One of the biggest risks when it comes to driving in winter conditions is losing tire traction. People invest in chains, winter tires, and studs to avoid this problem, but there was a time when General Motors thought the best solution was a spray applied to the tire treads. The Liquid Tire Chain was a strange, short-lived innovation many have forgotten ever existed.
Launched by GM for most 1969 Chevrolets as option V75, only some shoppers dared try the Liquid Tire Chain Traction Dispenser feature on their Chevrolet. The idea was in slippery winter conditions, the driver just had to flip a switch on the dashboard, activating twin aerosol canisters mounted over the rear drive tires.
As you might have already guessed, those canisters contained a liquid that was supposed to make the tires grip better. In freezing temperatures, most tire compounds harden so they don’t grip as well. The spray compound was supposed to soften the tires up so they could gain traction on snow and ice.

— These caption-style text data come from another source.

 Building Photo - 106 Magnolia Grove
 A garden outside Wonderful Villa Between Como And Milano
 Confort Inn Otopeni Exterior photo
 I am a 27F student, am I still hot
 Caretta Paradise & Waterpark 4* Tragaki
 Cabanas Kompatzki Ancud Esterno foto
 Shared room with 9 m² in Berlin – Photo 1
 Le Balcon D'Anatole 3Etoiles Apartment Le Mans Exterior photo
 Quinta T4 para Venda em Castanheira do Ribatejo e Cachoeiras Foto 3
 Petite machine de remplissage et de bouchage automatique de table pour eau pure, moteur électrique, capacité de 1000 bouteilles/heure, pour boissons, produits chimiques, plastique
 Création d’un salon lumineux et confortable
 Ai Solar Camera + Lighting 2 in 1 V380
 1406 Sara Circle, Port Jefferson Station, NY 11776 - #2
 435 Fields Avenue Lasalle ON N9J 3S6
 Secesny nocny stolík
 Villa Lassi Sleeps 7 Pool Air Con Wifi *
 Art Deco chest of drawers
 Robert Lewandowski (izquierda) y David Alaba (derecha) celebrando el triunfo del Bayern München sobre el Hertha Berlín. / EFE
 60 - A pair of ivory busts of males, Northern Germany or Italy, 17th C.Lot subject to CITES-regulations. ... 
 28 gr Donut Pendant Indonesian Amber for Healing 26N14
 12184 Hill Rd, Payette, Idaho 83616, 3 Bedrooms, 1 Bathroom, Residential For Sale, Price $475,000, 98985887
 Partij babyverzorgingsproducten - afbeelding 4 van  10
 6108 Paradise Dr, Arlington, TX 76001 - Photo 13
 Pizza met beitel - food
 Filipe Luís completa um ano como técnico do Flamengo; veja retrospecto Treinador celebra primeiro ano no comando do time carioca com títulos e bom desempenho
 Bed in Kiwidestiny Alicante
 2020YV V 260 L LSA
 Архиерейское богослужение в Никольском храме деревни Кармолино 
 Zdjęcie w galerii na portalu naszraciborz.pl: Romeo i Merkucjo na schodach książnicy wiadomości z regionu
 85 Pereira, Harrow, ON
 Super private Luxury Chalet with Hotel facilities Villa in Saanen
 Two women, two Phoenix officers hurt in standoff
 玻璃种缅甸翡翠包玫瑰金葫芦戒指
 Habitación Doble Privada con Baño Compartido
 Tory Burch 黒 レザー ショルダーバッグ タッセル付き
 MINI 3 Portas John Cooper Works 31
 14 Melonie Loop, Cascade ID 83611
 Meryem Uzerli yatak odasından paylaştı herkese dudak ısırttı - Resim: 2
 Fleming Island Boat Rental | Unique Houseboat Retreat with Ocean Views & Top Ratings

People who owned cars with this feature debate whether or not it actually worked. Some claim the nozzles on the inner fenders would clog up with salt and road grime, rendering them useless. Others say that wasn’t really true.
Certain old timers claim the solvent did in fact improve tire traction in freezing temperatures, but others claim it just made a mess. Not many people experienced option V75 firsthand since GM only recorded about 2,600 orders for the option in 1969. It was dropped for the 1970 model year.
Enthusiasts have argued about why the Liquid Tire Chain was dropped by GM. Ultimately, nobody seems to have a definitive answer, even if they claim to have special insider knowledge. One can assume it went away because not many consumers were interested in the option, but there might have been more behind the decision.
Some have wondered why anyone in their right mind would’ve opted for the Liquid Tire Chain option instead of just buying a set of winter tires. Back in the late 60s, snow tires were a far cry from what we have today. Not only were they more expensive and required storage the rest of the year, they didn’t last nearly as long.
GM decided it could romance people with this cheaper alternative that was always ready to dispense. It wasn’t a bad idea but the Liquid Tire Chain never really caught on.
Modern snow tires are made of a compound that doesn’t freeze as easily. Since they’re softer than most other tires, driving on them in warmer temperatures will wear them out faster. In winter conditions, they also use siping and more aggressive, specialized tread patterns to gain traction on snow, slush, and ice, giving vehicles traction where other tires might be essentially useless.